EXERCISE:
Give the data below again exactly, and drop each picture from it.

EXERCISE DATA:

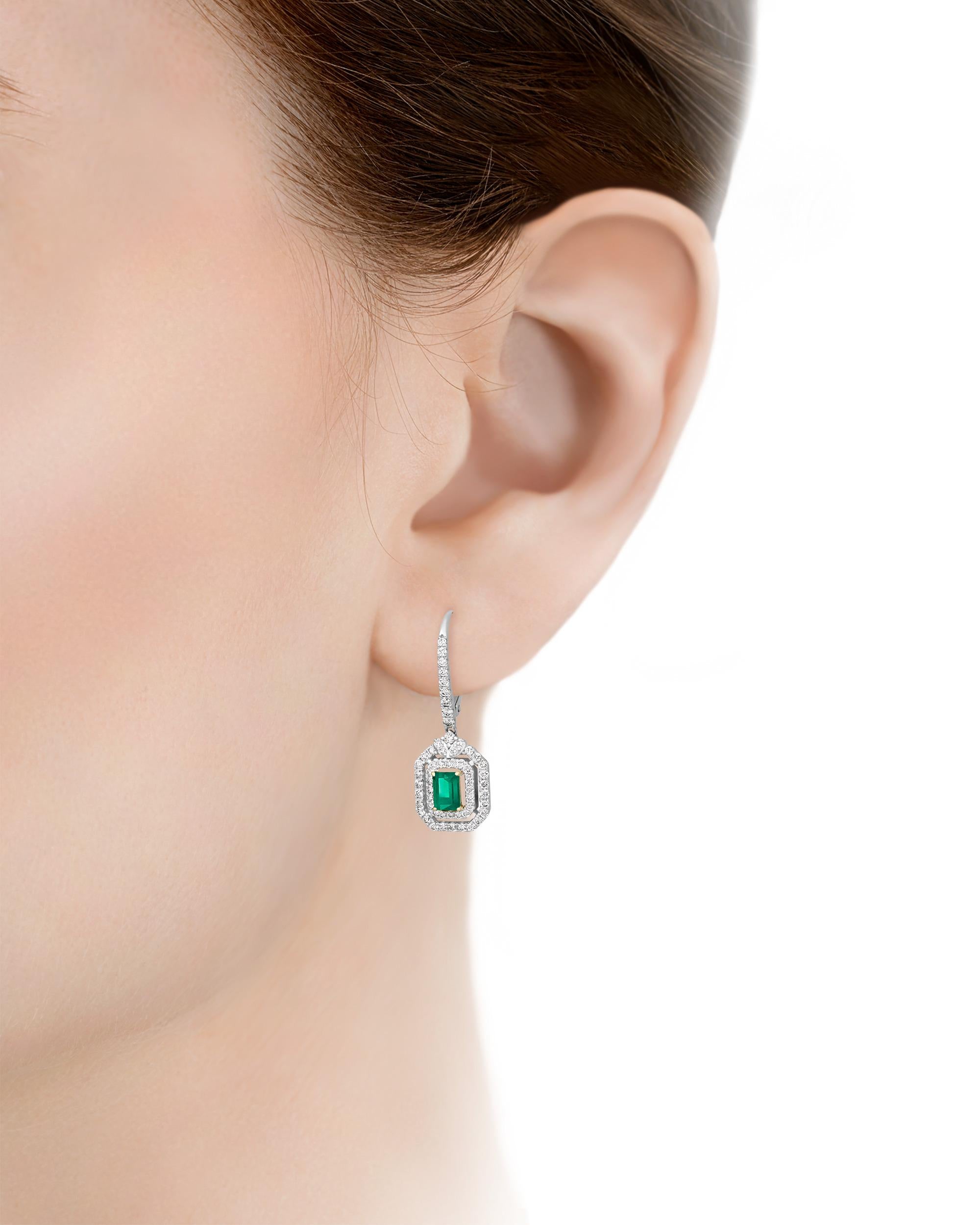 Two emerald-cut Colombian emeralds totaling 0.74 carats display the lush green hue for which stones from that region are so prized in these exceptional dangle earrings. Surrounding these jewels are shimmering white diamonds in a timeless geometric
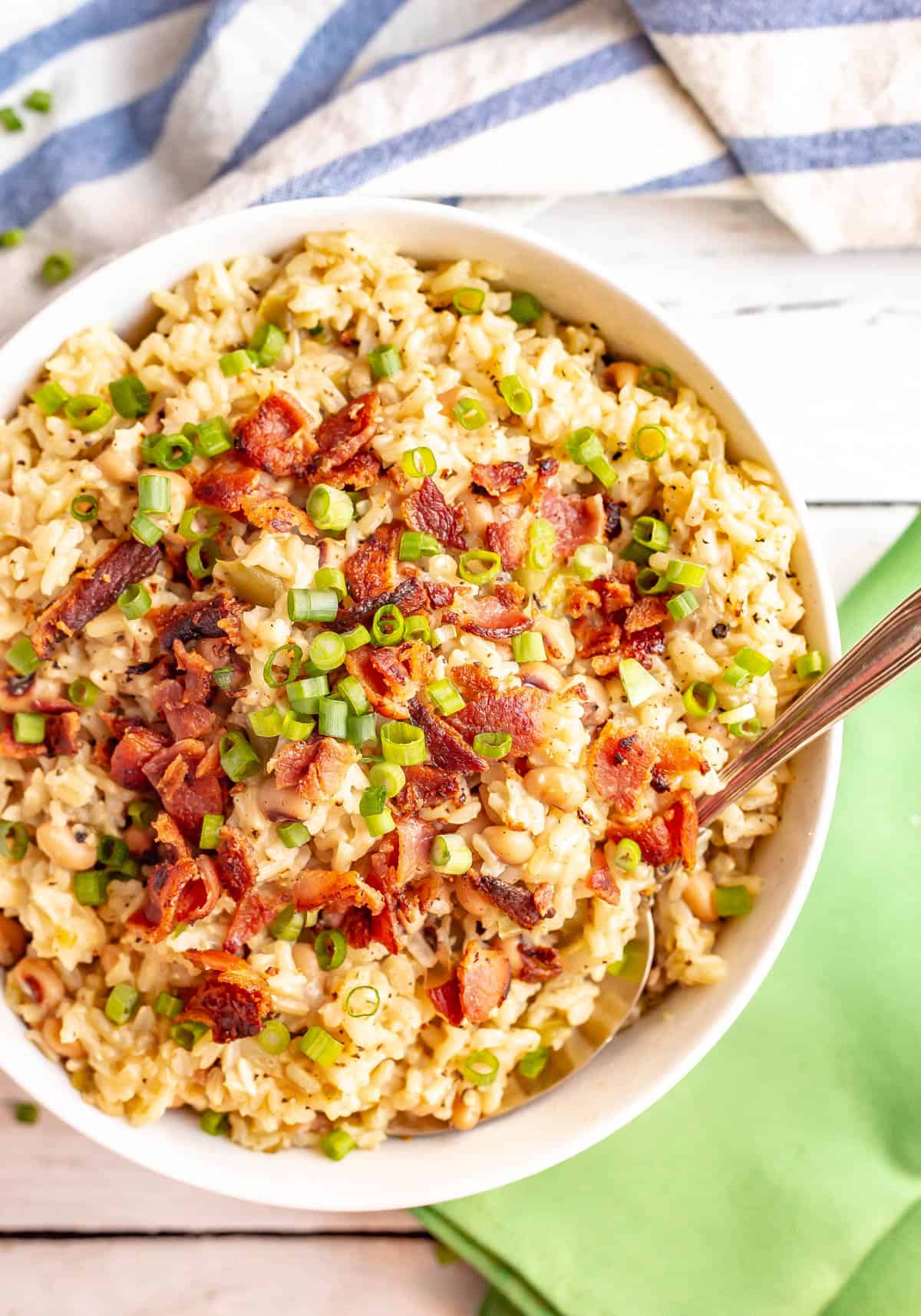 A serving spoon resting in a bowl of hoppin' John topped with cooked, crumbled bacon and green onions.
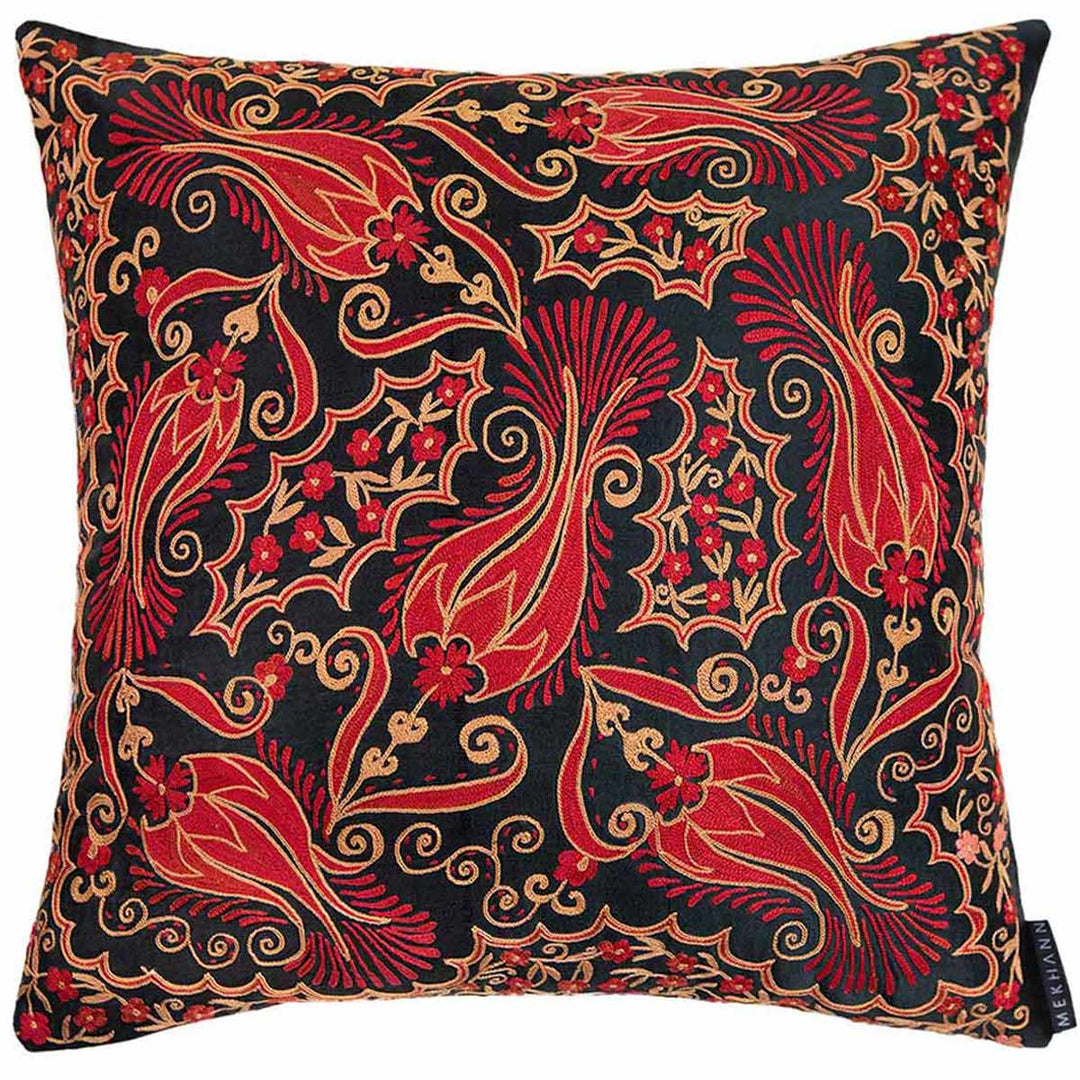 Front view of Mekhann's red and black iznik embroidered cushion, showing the full composition of flower designs that have been hand embroidered using red and beige silk yarns that stand out against the black silk lining.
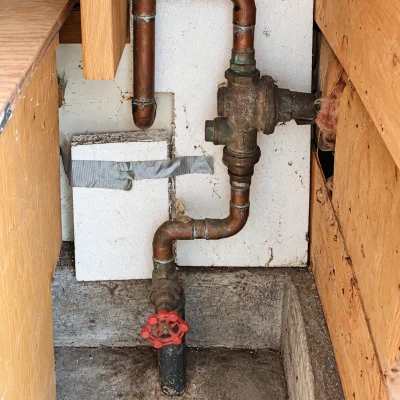 Old red-wheel gate valve beneath a PRV on copper pipe, illustrating a leaking main water shutoff valve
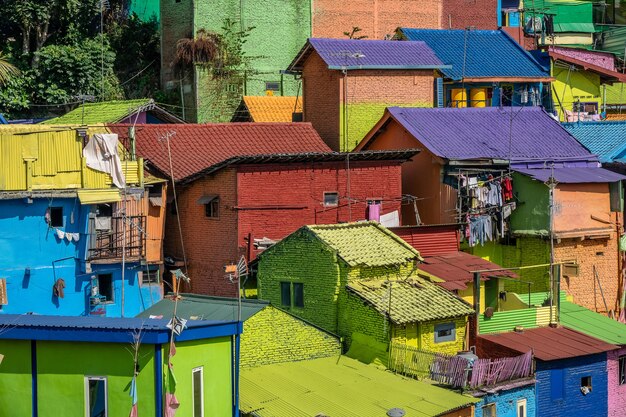 Colorful small houses with clothes hanged outside in a suburban district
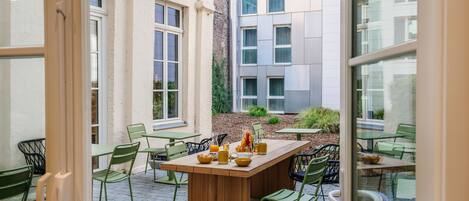 An outdoor dining area with a wooden table and green chairs, surrounded by buildings.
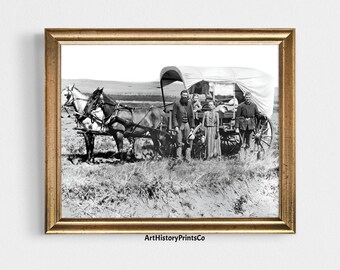 May include: A framed black and white photograph depicts a horse-drawn covered wagon with a group of people standing beside it. The horses are hitched to the wagon, and the people are dressed in period clothing. The photograph is set against a backdrop of a grassy field and a distant horizon.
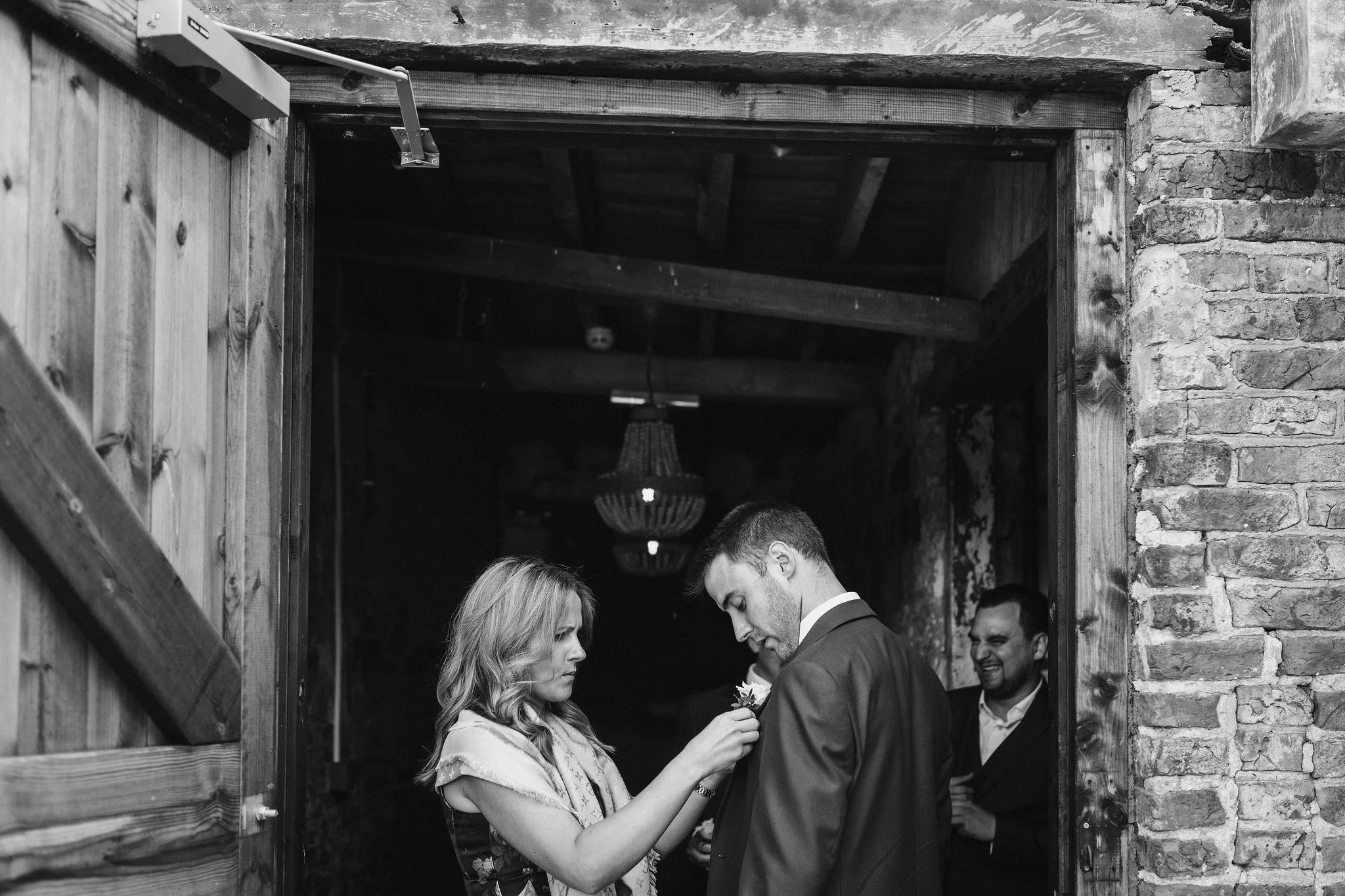 The final touches for Rob's wedding look.jpg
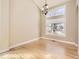 Bright living room with hardwood floors, transom windows, and elegant light fixtures at 5843 S Danube St, Aurora, CO 80015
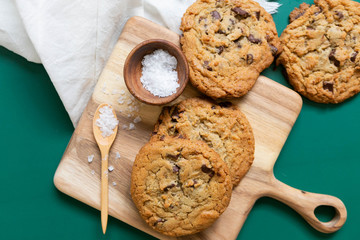 Homemade Salted Chocolate Chip Cookies on Colorful Green Background, Styled Flat Lay Dessert 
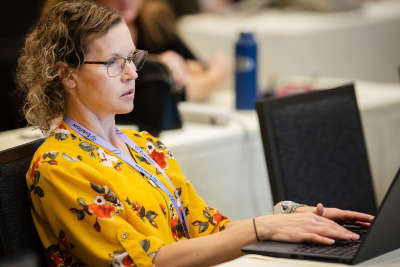 Woman in yellow typing at computer in conference space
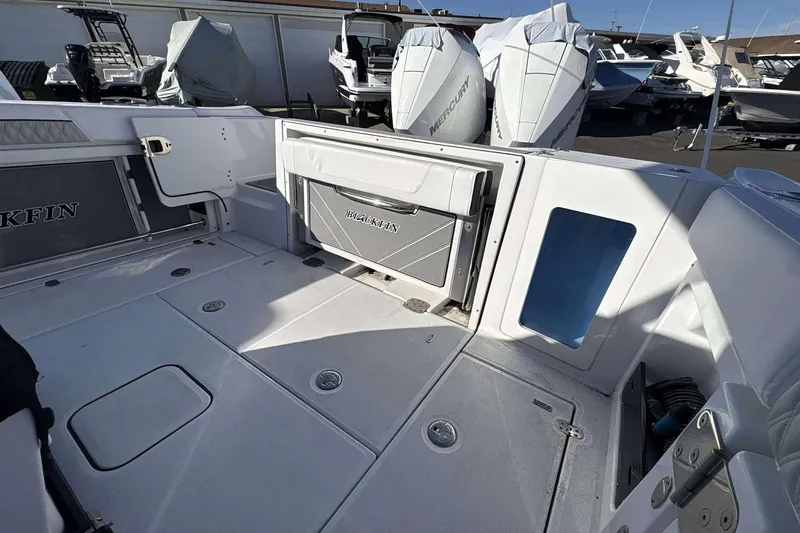Slide: The Image of 2024 Blackfin 302CC boat interior with storage compartments and Mercury engines. - 15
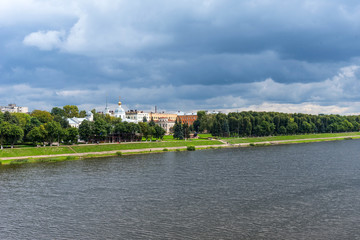 Fototapeta premium Summer panoramic view of the embankment of Volga River with the Church of the Three Confessors in Tver, Russia.
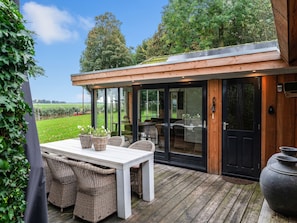 A modern outdoor dining area with a white table and wicker chairs, overlooking a lush garden and a field. - Fantastic Chalet Near Open Waterways, hot tub (Rutten)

TASK SOLUTION:
 Two emerald-cut Colombian emeralds totaling 0.74 carats display the lush green hue for which stones from that region are so prized in these exceptional dangle earrings. Surrounding these jewels are shimmering white diamonds in a timeless geometric
 A serving spoon resting in a bowl of hoppin' John topped with cooked, crumbled bacon and green onions.
 Front view of Mekhann's red and black iznik embroidered cushion, showing the full composition of flower designs that have been hand embroidered using red and beige silk yarns that stand out against the black silk lining.
 Old red-wheel gate valve beneath a PRV on copper pipe, illustrating a leaking main water shutoff valve
 Colorful small houses with clothes hanged outside in a suburban district
 An outdoor dining area with a wooden table and green chairs, surrounded by buildings.
 May include: A framed black and white photograph depicts a horse-drawn covered wagon with a group of people standing beside it. The horses are hitched to the wagon, and the people are dressed in period clothing. The photograph is set against a backdrop of a grassy field and a distant horizon.
 The final touches for Rob's wedding look.jpg
 Bright living room with hardwood floors, transom windows, and elegant light fixtures at 5843 S Danube St, Aurora, CO 80015
 Homemade Salted Chocolate Chip Cookies on Colorful Green Background, Styled Flat Lay Dessert 
 Woman in yellow typing at computer in conference space
Slide: The Image of 2024 Blackfin 302CC boat interior with storage compartments and Mercury engines. - 15
 Fototapeta premium Summer panoramic view of the embankment of Volga River with the Church of the Three Confessors in Tver, Russia.
 A modern outdoor dining area with a white table and wicker chairs, overlooking a lush garden and a field. - Fantastic Chalet Near Open Waterways, hot tub (Rutten)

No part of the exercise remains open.